Tuesday, March 15, 2011

The Cornerstone Luncheon

It's not that I don't catch onto world news or am heartless, I just don't generally comment on it. Millions of people take care of that already.

My immediate concerns are mundane and routine - beaches art walk this Thursday, probably busy due to St. Patty's day, the river clean up this weekend, the photoshoot, and last Friday.

Friday was the Chamber's cornerstone luncheon featuring the new Gov., Rick Scott. It is something you don't want to be late for...so of COURSE I get stuck in traffic on the Main St. bridge coming from office location #1. Ugh! Who knew so many people would be going?! This is my fault for being so politically naive. Anyway, I wasn't worried, because I've been to the Hyatt before and they have this parking garage...which was full. Then the lot they directed everyone to was full. Then there was no where else to go. So, with 10 minutes to spare, I had to drive up and park at office location #2. It's just over half a mile away, but have you ever tried running/walking 1/2 mile in high heels in less than 10 minutes? Through downtown traffic? With a possibly crazy homeless man screaming next to you?
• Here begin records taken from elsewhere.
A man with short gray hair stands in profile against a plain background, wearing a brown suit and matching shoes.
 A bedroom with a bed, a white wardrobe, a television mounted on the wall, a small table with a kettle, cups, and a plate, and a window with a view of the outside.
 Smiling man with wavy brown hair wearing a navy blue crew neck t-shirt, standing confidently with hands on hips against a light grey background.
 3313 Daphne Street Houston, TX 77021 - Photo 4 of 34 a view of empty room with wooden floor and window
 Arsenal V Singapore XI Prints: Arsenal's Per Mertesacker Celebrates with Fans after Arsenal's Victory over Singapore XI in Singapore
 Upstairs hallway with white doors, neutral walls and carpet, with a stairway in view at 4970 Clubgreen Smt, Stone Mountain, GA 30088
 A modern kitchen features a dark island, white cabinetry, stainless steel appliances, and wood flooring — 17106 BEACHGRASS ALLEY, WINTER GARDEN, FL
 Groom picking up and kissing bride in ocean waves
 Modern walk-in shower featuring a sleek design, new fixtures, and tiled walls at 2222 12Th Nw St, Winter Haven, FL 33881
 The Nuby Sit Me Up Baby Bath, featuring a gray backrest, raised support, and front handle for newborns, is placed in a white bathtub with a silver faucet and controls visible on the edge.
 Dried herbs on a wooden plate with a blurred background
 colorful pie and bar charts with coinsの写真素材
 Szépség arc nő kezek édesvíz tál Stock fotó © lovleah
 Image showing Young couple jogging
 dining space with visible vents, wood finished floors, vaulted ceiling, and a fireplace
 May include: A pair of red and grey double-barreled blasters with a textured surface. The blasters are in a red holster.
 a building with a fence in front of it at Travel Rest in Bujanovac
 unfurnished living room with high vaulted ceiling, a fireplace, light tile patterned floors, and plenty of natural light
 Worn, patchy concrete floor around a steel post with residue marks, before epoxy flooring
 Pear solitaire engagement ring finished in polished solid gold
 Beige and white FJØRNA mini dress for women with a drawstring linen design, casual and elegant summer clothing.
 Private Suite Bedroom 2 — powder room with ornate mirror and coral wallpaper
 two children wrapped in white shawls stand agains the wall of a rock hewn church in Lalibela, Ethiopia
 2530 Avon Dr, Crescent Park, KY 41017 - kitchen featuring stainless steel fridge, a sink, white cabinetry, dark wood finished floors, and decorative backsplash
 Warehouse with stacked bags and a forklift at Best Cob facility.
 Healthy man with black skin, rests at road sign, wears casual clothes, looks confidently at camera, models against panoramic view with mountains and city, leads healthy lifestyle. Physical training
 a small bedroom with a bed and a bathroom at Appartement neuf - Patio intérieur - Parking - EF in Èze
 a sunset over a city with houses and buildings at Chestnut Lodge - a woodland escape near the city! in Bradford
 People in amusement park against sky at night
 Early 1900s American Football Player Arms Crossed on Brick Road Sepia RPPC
Anyway I was SO panicked but made it - had no time to brush my hair though. It was so crowded they had staff with maps of the tables to help you find yours. Whew!

The actual luncheon was okay. Salad: -5. Chicken entree: +10. Speakers: well everyone was there for Rick Scott, even people that dislike him. Apparently this was the highest turn out..over 1,000 people. Around 1,500 I think. A sea of mostly older business men in dark suits. The Gov. spoke before the meal, which was an odd but logical move. I had read about Rick Scott but never heard him speak. Someone at our table pointed out how NOT an orator he is, which is true. Is this good? Does it help with connecting to the masses? Does using less polish in one's speech mean one is less of a "politician" and therefore, less corrupted? ...Don't really think so, but it was very interesting to see him present that way.

I walked back and ran into some guy on the elevators. He had walked back from the luncheon too. Why do I always meet guys A) in elevators and B) when I look awful? Someone asked me after, "was he married?" I don't know!! I never remember to look at hands! Never! But it was just an elevator meeting.

I microwaved chicken noodle soup today at work. Of course I spill it on my hand taking it out...and then spill it on myself again while cleaning it up. My finger kind of burns, but there's nothing cold around. Wish it was nap time!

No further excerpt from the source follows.